Work instructions => A verbatim repeat of the lines below is required, with the pictures removed.

Data provided =>
————

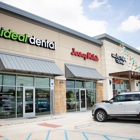 Ideal Dental Denton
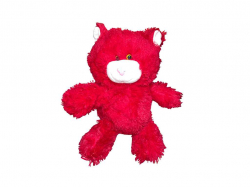 ���� ������� ����� ������� 40�� �������� ���������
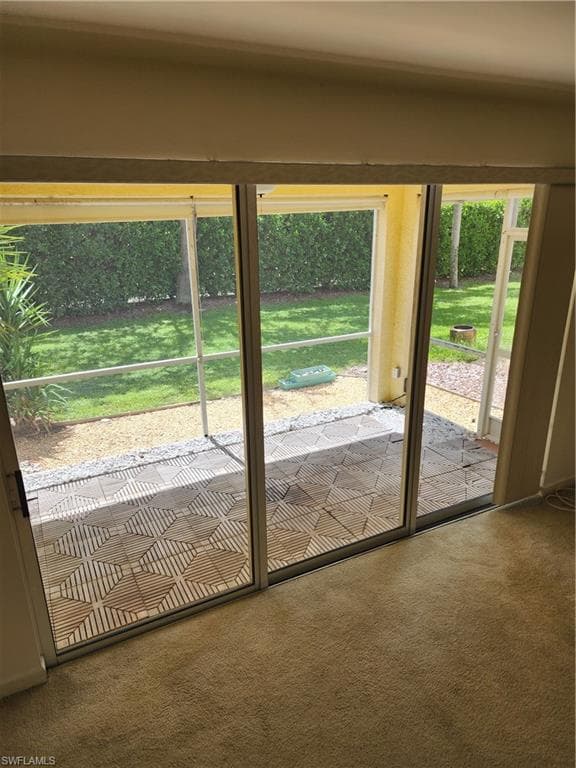 9739 Glen Heron DR BONITA SPRINGS, FL 34135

————

Solution to the problem =>
 Ideal Dental Denton
 ���� ������� ����� ������� 40�� �������� ���������
 9739 Glen Heron DR BONITA SPRINGS, FL 34135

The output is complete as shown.